Traditionally, a gazetteer was just an index of place names, along with ancillary attributes. Here, however, we are expanding the idea of a *gazetteer* in the ATmosphere to mean "an authoritative database of places that can be represented using Lexicon schema and queried using XRPC".

Recall that any authoritative place database will include GUIDs and structured attributes for each place. If we assign a conventional NSID to each authoritative database, we can compose a globally-unique ATProto record key for each place in that database. This key can be used to fetch entire place records from a gazetteer service.

The convention for place record keys will be `<authority dataset NSID>:<authority place GUID>`. For the most part, the "authority NSID" will be conventionally assigned, rather than dictated by the authority (which may or may not know about ATProtocol and may or may not care).

### A place record is a set of assertions, not a claim on the truth

We have been using the term "authority" strictly in a "self-proclaimed" sense -- if you publish a database of places, you are explicitly claiming authority over what's included in that database.

However, **the Place Lexicon is meant to be used by ATProtocol applications to allow users to describe new places** and augment existing ones. The veracity of both authoritative and user-generated place records should always be regarded as contingent. Place records will be incomplete, fall out of date, contain erroneous information, or even be manipulated by bad actors.

### Place records can change over time

Both authoritative and user-generated **place records capture statements about the world at a particular point in time**. Developers should expect new or updated information to be published at various intervals about the places their applications make use of.
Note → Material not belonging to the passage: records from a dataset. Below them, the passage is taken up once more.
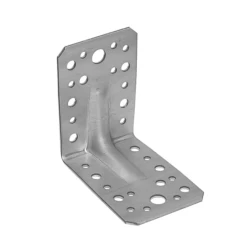 Coltar perforat ranforsat pentru lemn zincat 105x105x90x1,5 mm KPS2-40222 Domax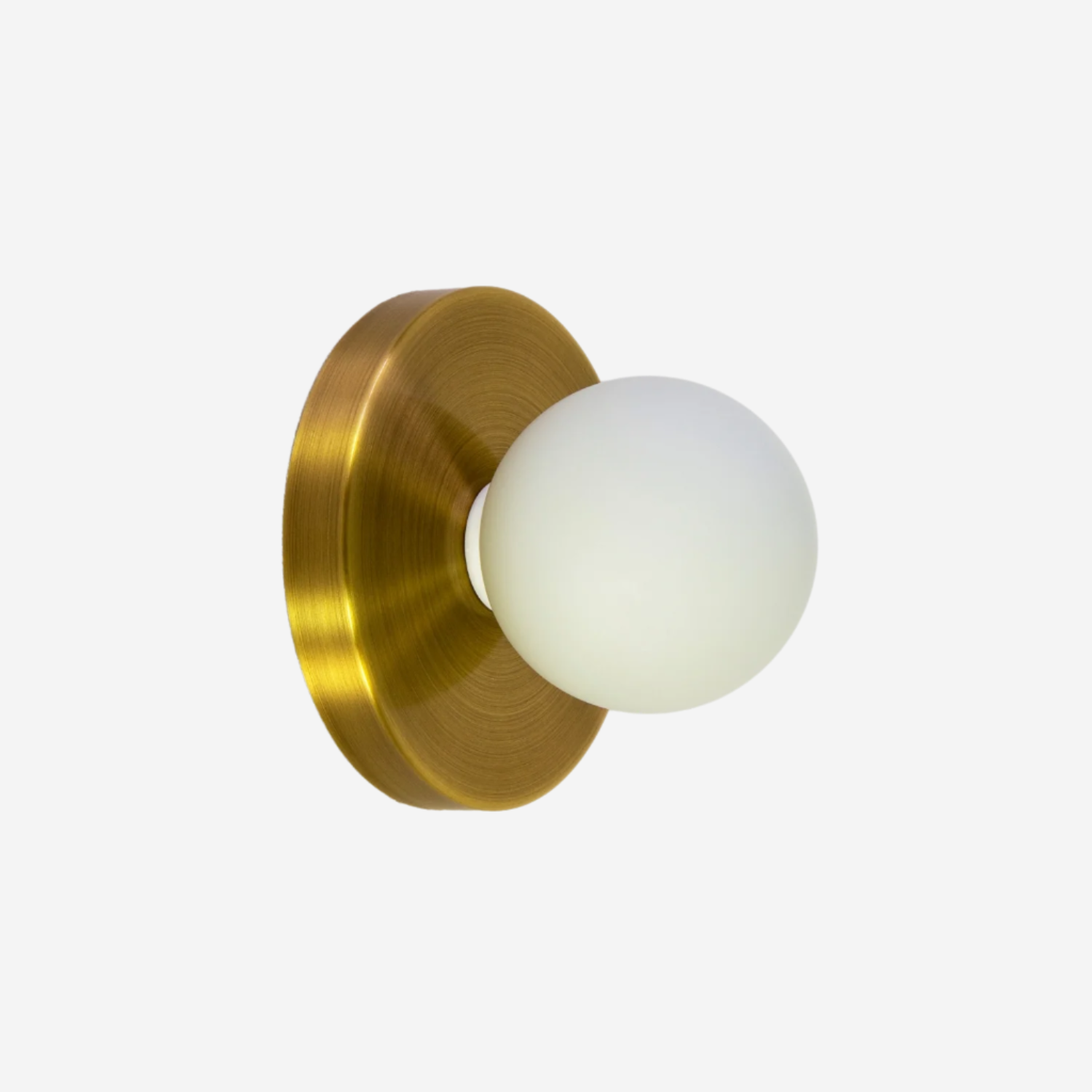 Globe Sconce - Brass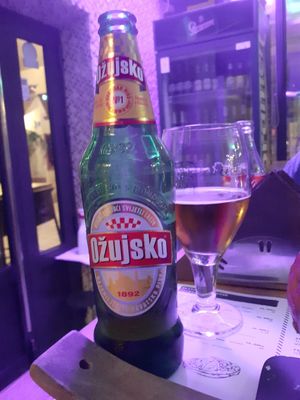 Cheap beer :) at Hedonist in Zadar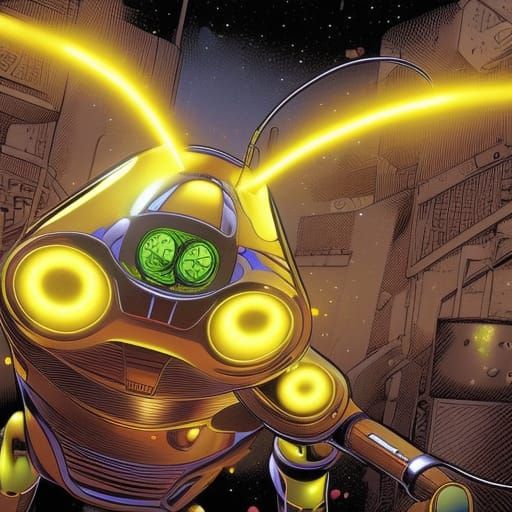 Robot Mech in Modern Comic
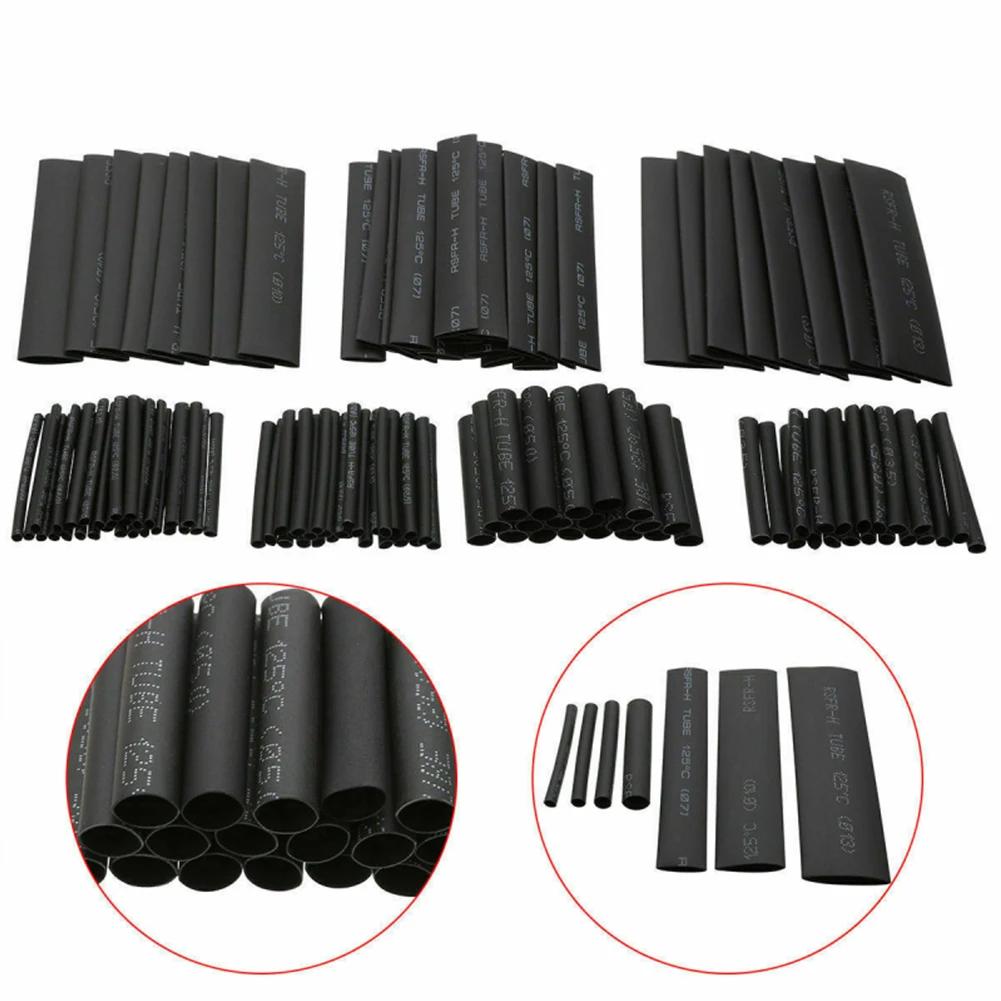 127/328/530 uds Tubo Termorretráctil Funda Cable Alambre Envoltura Tubo Surtido Kit Conjunto Aislamiento Cable Alambre Funda Protector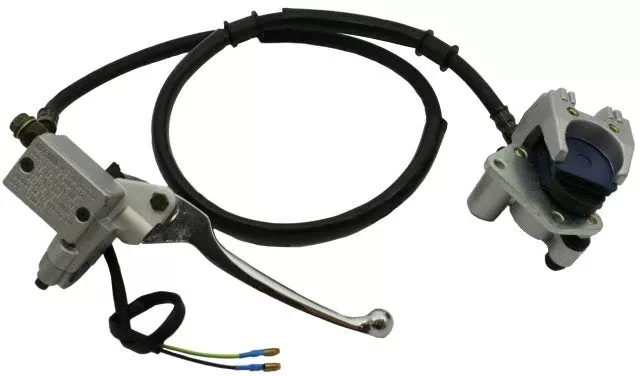 Universal Parts Front Hydraulic Brake Assy, GY6 Sport Style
The `place` schema should include the ability to identify the publication date of a place record. Developers should have the freedom to decide which version of a record to use, based on use case.

### Place records can be coordinated

Often, we can identify the same real-world place across multiple authoritative databases. A gazetteer might publish a `sameAs` property as part of a place record that identifies the record keys for the same place from other datasets. The process of aligning place IDs across disparate geographic databases is known as "concordance".

## Referencing Places with Lexicon

### A Place reference is a subset of a Place record

The entire purpose of describing places in Lexicon is, ultimately, to enable developers to build applications that employ places as part of *some other* social web activity. Referencing a place in an application record is a fundamentally different assertion than describing that place, but the Lexicon components are basically the same.

Consider a social event application like Smoke Signal. We definitely want to be able to state that an event will occur at a specific place, by embedding a reference to that place in the event record.

That reference might include:

* The name(s) of the place, for display and searchability.
* The location of the place, for searchability and to enable wayfinding.
* Other attribute data, such as the type of place it is.
* The URI of the place, e.g. so we can generate event calendars for that place.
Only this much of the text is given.